ABOUT THIS TASK:
In the records below, one line contains "Toyota Kijang Reborn". Print that line and every line after it exactly, down to the final one.

Recorded data
● ● ● ● ●

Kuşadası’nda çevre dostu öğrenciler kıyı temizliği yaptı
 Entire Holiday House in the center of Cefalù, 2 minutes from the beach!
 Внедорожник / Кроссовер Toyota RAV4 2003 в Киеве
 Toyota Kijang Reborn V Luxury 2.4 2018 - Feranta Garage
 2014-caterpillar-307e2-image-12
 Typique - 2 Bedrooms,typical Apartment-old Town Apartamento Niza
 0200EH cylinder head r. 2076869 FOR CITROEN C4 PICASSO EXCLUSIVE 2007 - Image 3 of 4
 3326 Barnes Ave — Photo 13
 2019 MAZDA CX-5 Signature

● ● ● ● ●

TASK OUTPUT:
 Toyota Kijang Reborn V Luxury 2.4 2018 - Feranta Garage
 2014-caterpillar-307e2-image-12
 Typique - 2 Bedrooms,typical Apartment-old Town Apartamento Niza
 0200EH cylinder head r. 2076869 FOR CITROEN C4 PICASSO EXCLUSIVE 2007 - Image 3 of 4
 3326 Barnes Ave — Photo 13
 2019 MAZDA CX-5 Signature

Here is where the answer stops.